Make your own mind up. We came across some exquisite expressions of grief; and the crucifixion of the ego; the blogger who offers aesthetic critiques of dick selfies explained herself (not that she needs to); more readers spoke of divorcing members of their families (a thread of intermittent sadness and uplift); and someone turned T.S. Eliot into a comic strip.  I have to say I don’t care that this photograph was photo-shopped; and loved the fact that Walt Whitman had a ninth century alter ego.

As for “epiphanies“, a reader writes:

I hope you don’t think this is flippant, after your thoughtful post, but it’s a joke I shared with my boyfriend who died 20 years ago, and he’s been on my mind lately.
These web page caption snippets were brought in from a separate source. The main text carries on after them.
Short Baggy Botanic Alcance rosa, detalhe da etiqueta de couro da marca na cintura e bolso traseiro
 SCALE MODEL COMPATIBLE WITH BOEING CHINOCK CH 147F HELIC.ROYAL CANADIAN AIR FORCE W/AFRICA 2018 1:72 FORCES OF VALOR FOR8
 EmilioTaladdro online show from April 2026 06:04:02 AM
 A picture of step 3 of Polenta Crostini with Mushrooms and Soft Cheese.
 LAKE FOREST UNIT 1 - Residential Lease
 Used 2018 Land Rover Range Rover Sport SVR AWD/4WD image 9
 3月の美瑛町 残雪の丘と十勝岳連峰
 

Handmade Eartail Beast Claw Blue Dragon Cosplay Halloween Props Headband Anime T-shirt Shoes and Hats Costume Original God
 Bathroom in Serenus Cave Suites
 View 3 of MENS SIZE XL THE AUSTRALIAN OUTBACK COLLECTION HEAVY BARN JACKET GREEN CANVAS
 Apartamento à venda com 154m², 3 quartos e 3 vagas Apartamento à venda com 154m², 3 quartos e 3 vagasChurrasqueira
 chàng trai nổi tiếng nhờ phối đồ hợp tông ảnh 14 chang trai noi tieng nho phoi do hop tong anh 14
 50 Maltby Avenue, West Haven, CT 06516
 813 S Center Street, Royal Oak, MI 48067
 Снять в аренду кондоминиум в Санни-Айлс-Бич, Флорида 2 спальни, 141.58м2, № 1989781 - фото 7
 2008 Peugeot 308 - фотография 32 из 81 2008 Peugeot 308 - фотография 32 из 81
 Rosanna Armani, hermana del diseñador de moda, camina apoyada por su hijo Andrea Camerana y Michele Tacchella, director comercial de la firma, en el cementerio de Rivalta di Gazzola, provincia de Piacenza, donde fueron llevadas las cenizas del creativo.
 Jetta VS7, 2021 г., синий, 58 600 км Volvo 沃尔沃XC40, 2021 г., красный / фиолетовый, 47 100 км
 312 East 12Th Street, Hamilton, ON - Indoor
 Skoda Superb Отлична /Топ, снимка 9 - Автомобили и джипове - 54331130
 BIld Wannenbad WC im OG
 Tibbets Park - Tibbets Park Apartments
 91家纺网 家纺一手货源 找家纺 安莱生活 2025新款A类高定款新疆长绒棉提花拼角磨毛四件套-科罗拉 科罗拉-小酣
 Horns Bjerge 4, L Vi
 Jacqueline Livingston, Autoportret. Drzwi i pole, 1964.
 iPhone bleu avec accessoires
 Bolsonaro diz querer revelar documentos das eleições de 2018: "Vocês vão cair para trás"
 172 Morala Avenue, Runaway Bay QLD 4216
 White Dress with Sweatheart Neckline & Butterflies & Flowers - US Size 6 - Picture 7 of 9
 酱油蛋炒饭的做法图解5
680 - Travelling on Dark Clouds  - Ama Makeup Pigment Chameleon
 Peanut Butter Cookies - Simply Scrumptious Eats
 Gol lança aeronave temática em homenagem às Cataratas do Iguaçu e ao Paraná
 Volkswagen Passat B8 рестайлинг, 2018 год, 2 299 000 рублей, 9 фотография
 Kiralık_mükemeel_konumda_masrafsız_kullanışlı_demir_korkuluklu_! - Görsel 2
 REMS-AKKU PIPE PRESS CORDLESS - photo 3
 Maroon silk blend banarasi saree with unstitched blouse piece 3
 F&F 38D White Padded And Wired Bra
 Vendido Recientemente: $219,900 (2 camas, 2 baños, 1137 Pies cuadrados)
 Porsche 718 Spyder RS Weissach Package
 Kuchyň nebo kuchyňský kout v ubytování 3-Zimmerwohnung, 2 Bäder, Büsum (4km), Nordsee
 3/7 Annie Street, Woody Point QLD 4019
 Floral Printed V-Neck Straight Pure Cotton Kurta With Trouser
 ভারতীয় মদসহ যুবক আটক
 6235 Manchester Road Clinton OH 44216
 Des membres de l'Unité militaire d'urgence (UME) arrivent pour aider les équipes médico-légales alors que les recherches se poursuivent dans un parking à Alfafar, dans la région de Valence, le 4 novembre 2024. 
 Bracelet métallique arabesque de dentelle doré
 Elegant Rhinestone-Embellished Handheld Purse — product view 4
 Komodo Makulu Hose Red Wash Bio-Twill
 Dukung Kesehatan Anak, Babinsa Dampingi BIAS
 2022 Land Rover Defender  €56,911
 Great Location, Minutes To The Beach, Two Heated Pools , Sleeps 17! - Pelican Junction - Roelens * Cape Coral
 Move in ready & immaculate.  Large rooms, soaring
Driving back from the beach, on a two-lane bridge, we came up on two pickup trucks who were stopped, one going each way, and the drivers were talking. (It’s a pretty sleepy little Florida panhandle town, so this was probably par for the course.) I said, “I wonder what they’re doing?” and my boyfriend said, “Maybe they’re having an epiphany,” which gave us the giggles. “That one guy is definitely starting to epiph around the edges there,” he added, sending us into fits of laughter. I still find myself saying that, “you’re starting to epiph around the edges there,” and no one ever knows what I mean.

It sucks when you have an in-joke with someone who dies and then you don’t have anyone to be in on the joke with anymore. I’m sure you know what I mean.

As a matter of fact, I do.

The most popular post of the day was Tumblr of the Day (dick pics, natch); second up was on male insecurities about our wing-wangs. None of that content was sponsored, I swear.

See you in the morning.

(Photo: A participant of the No Pants Subway Ride types on an Apple iPhone while riding a train on January 12, 2014 in Berlin, Germany. The annual event, in which participants board a subway car in January while not wearing any pants while behaving as though they do not know each other, began as a joke by the public prank group Improv Everywhere in New York City and has since spread around the world, with enthusiasts in around 60 cities and 29 countries across the globe, according to the organization’s site. By Adam Berry/Getty Images.)